Tim Mosenfelder, Getty…
- Posted on Jul 21st 2010 2:00PM by Emily Tan
"Because I travel so much and I don't find traveling and writing to really go together, what I tend to do is collect little scraps of beginnings of songs over a period of time," Youngs tells Spinner. "I've done for [that] the past year and a half, since the last record and when I've been touring, so there's a pool of 25 or 30 song fetuses."
In the midst of working on her third album, Youngs decided to do things on her own and started a fundraiser to finance the new material. Although calling the shots can be daunting, Youngs is excited to really have a say on this project. "I won't have anybody looking over my shoulder on this record," she says. "It's really exciting because I can do whatever I want. Dan [Romer, producer] and I might end up taking things a lot farther than we have in the past."
With some new material in the works, Youngs has started choosing which songs will make the cut and how "they're going to be thematically unified."
"I've definitely been motoring on in the writing department already and have some preliminary arrangements, rehearsals with my producer, Dan, and with Elliott [Jacobson] playing drums," Youngs says. "It's sort of like 'bang out and get a feel of the vibe for everything' before we actually start working."
Youngs has also decided to take a different approach to making the new record. Instead of putting her songs through every new piece of software or technology, she wanted to give it a warmer feel.
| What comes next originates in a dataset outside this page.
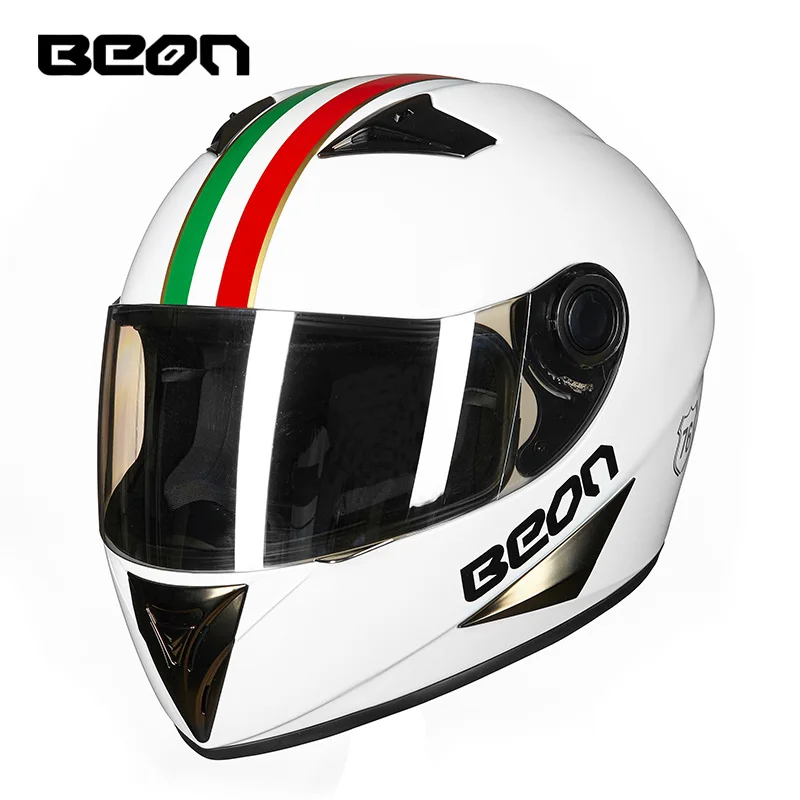 Beon бренд B500 Isle of man TT moto rcycle moto мотокросс шлем полный шлем Casco Capacete moto cicleta шлемы - Цвет: Style 11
"I thought it would probably feel better for the listening experience if it started from a more organic place. That's my goal -- to have it feel more like you're listening to record from the '60s," Youngs says. "People were all in a room together [to] hopefully not have that chilly tinge that comes from Pro Tools. All the freedoms that are afforded to people like myself, all the technological advances can be chilly and less organic sounding."
Having complete control over her work, Youngs knows that this could all also backfire on her and will take full responsibility for it. "If I make a record and everyone hates it, then there's nobody I can blame but myself," she says.